Sparks also cautioned that "the deficiency of USADA's charging document is of serious constitutional concern."
"Indeed, but for two facts, the court might be inclined to find USADA's charging letter was a violation of due process and to enjoin USADA from proceeding thereunder," he said. "First, it would likely be of no practical effect: USADA could easily issue a more detailed charging letter, at which point Armstrong would presumably once again file suit, and the parties would be back in this exact position some time later, only poorer for their legal fees. Second, and more important, USADA's counsel represented to the court that Armstrong will, in fact, receive detailed disclosures regarding USADA's claims against him at a time reasonably before arbitration."
Almost predicting there will be more legal battles in different venues, Sparks found "there are troubling aspects of this case, not least of which is USADA' s apparent single-minded determination to force Armstrong to arbitrate the charges against him, in direct conflict with UCI's equally evident desire not to proceed against him."

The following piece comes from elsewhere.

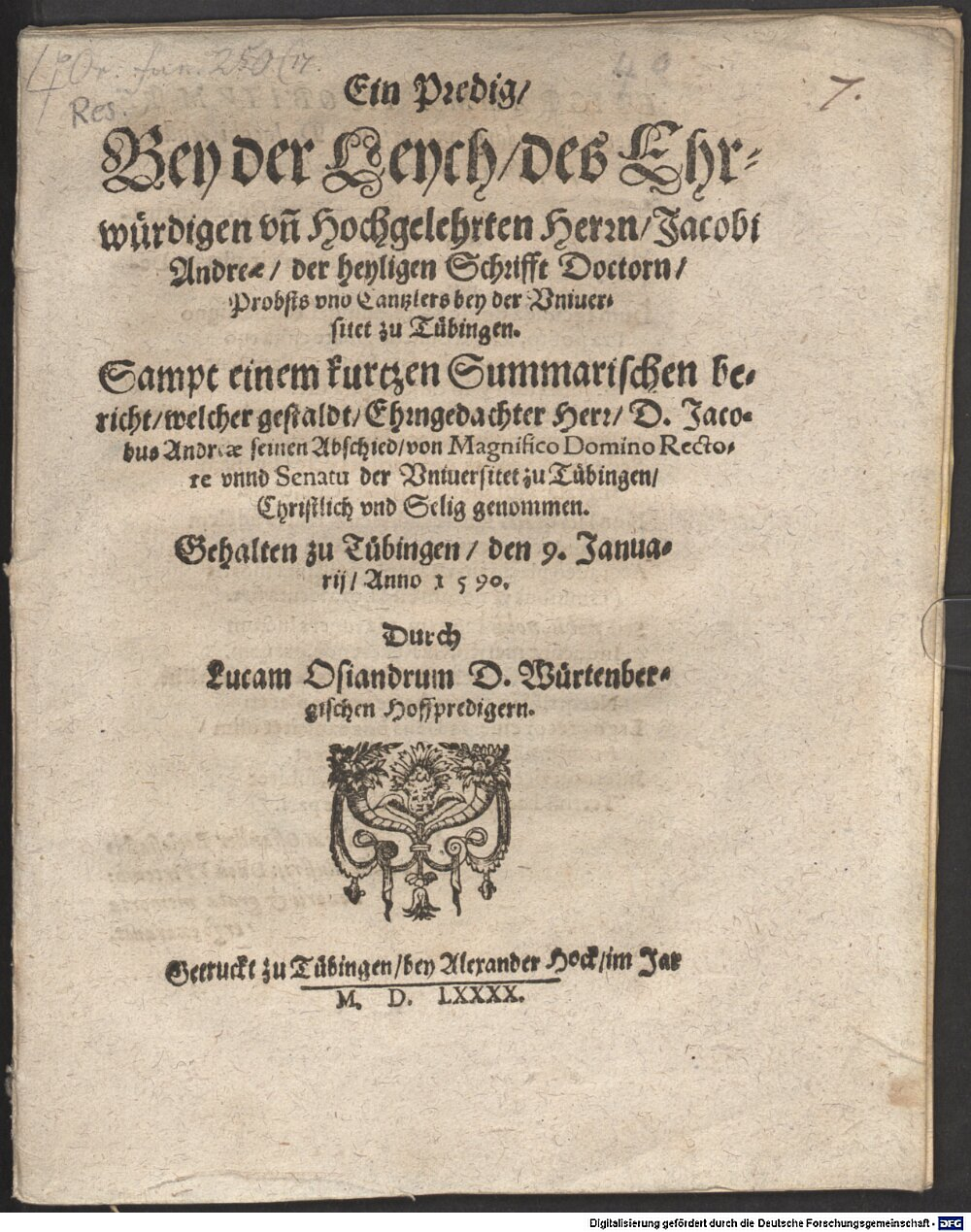 Osiander, Lucas: Ein Predig bey der Leych ... Jac. Andreae Probst und Cantzlers bey der Universitet zu Tübingen Tübingen 1590 (Res/4 Or.fun. 250,17)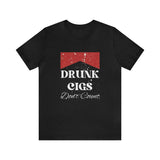 Drunk Cigs Don't Count - Funny Shirts Parody Tees Offensive Meme Shirt Cigarette Humor College and Ironic Appeal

"Unfortunately, the appearance of conflict on the part of both organizations creates doubt the charges against Armstrong would receive fair consideration in either forum," Sparks said. "The issue is further complicated by USA Cycling's late-breaking show of support for UCI, and apparent opposition to USADA's proceeding -- a wrinkle which does not change the court's legal analysis, but only confirms that these matters should be resolved internally, by the parties most affected, rather than by edict of this court."
Sparks had no desire to intervene in the fight between cycling and drug-testing authorities in a case that cites offenses going back 14 years.
"As mystifying as USADA's election to proceed at this date and in this manner may be, it is equally perplexing that these three national and international bodies are apparently unable to work together to accomplish their shared goal -- the regulation and promotion of cycling," Sparks said. "However, if these bodies wish to damage the image of their sport through bitter infighting, they will have to do so without the involvement of the United States courts."
USADA says Armstrong took steroids and blood boosters to win the Tour de France every year from 1999 to 2005. Penalties could include a lifetime ban from cycling and loss of his titles. USADA has said former teammates of Armstrong will testify that his teams had a long-running doping program.
"The rules in place have protected the rights of athletes for over a decade in every case USADA has adjudicated," USADA CEO Travis Tygart said in a statement, "and we look forward to a timely, public arbitration hearing in this case, should Mr. Armstrong choose, where the evidence can be presented, witness testimony will be given under oath and subject to cross examination, and an independent panel of arbitrators will determine the outcome of the case."
Mark Fabiani, a spokesman for Armstrong, declined immediate comment.